> [ASSIGNMENT]: Nothing but the records beneath, reproduced exactly, should appear in the answer.

>>>>

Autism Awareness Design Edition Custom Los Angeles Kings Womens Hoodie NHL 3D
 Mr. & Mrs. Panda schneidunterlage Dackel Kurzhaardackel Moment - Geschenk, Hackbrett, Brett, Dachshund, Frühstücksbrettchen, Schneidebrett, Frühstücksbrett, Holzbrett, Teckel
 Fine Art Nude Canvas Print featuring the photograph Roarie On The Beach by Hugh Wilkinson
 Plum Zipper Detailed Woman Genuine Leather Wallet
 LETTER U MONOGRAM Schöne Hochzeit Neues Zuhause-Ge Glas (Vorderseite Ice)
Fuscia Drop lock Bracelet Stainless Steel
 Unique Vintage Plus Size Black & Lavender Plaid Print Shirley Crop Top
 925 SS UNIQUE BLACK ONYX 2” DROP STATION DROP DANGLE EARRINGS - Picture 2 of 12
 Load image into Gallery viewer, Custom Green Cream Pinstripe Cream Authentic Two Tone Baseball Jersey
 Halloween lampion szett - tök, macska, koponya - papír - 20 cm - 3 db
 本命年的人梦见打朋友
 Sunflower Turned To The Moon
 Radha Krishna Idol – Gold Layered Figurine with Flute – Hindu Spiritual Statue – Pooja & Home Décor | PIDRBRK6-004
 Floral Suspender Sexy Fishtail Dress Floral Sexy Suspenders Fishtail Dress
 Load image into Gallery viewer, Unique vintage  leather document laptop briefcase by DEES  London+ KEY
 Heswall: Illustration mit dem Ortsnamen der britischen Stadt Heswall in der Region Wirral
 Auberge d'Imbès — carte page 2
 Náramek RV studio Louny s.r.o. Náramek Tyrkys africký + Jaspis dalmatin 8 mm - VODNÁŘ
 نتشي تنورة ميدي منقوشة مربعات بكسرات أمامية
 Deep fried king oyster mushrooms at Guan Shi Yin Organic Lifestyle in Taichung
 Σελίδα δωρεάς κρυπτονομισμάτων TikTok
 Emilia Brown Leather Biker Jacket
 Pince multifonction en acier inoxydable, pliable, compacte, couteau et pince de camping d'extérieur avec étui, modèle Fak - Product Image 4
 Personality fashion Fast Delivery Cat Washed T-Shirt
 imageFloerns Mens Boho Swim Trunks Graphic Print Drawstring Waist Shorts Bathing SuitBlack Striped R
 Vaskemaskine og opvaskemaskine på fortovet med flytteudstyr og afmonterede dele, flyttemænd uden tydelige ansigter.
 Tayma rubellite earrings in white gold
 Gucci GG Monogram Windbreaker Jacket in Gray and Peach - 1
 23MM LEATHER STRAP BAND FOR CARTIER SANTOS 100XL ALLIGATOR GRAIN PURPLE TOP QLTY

<<<<

> [RESPONSE]:
Autism Awareness Design Edition Custom Los Angeles Kings Womens Hoodie NHL 3D
 Mr. & Mrs. Panda schneidunterlage Dackel Kurzhaardackel Moment - Geschenk, Hackbrett, Brett, Dachshund, Frühstücksbrettchen, Schneidebrett, Frühstücksbrett, Holzbrett, Teckel
 Fine Art Nude Canvas Print featuring the photograph Roarie On The Beach by Hugh Wilkinson
 Plum Zipper Detailed Woman Genuine Leather Wallet
 LETTER U MONOGRAM Schöne Hochzeit Neues Zuhause-Ge Glas (Vorderseite Ice)
Fuscia Drop lock Bracelet Stainless Steel
 Unique Vintage Plus Size Black & Lavender Plaid Print Shirley Crop Top
 925 SS UNIQUE BLACK ONYX 2” DROP STATION DROP DANGLE EARRINGS - Picture 2 of 12
 Load image into Gallery viewer, Custom Green Cream Pinstripe Cream Authentic Two Tone Baseball Jersey
 Halloween lampion szett - tök, macska, koponya - papír - 20 cm - 3 db
 本命年的人梦见打朋友
 Sunflower Turned To The Moon
 Radha Krishna Idol – Gold Layered Figurine with Flute – Hindu Spiritual Statue – Pooja & Home Décor | PIDRBRK6-004
 Floral Suspender Sexy Fishtail Dress Floral Sexy Suspenders Fishtail Dress
 Load image into Gallery viewer, Unique vintage  leather document laptop briefcase by DEES  London+ KEY
 Heswall: Illustration mit dem Ortsnamen der britischen Stadt Heswall in der Region Wirral
 Auberge d'Imbès — carte page 2
 Náramek RV studio Louny s.r.o. Náramek Tyrkys africký + Jaspis dalmatin 8 mm - VODNÁŘ
 نتشي تنورة ميدي منقوشة مربعات بكسرات أمامية
 Deep fried king oyster mushrooms at Guan Shi Yin Organic Lifestyle in Taichung
 Σελίδα δωρεάς κρυπτονομισμάτων TikTok
 Emilia Brown Leather Biker Jacket
 Pince multifonction en acier inoxydable, pliable, compacte, couteau et pince de camping d'extérieur avec étui, modèle Fak - Product Image 4
 Personality fashion Fast Delivery Cat Washed T-Shirt
 imageFloerns Mens Boho Swim Trunks Graphic Print Drawstring Waist Shorts Bathing SuitBlack Striped R
 Vaskemaskine og opvaskemaskine på fortovet med flytteudstyr og afmonterede dele, flyttemænd uden tydelige ansigter.
 Tayma rubellite earrings in white gold
 Gucci GG Monogram Windbreaker Jacket in Gray and Peach - 1
 23MM LEATHER STRAP BAND FOR CARTIER SANTOS 100XL ALLIGATOR GRAIN PURPLE TOP QLTY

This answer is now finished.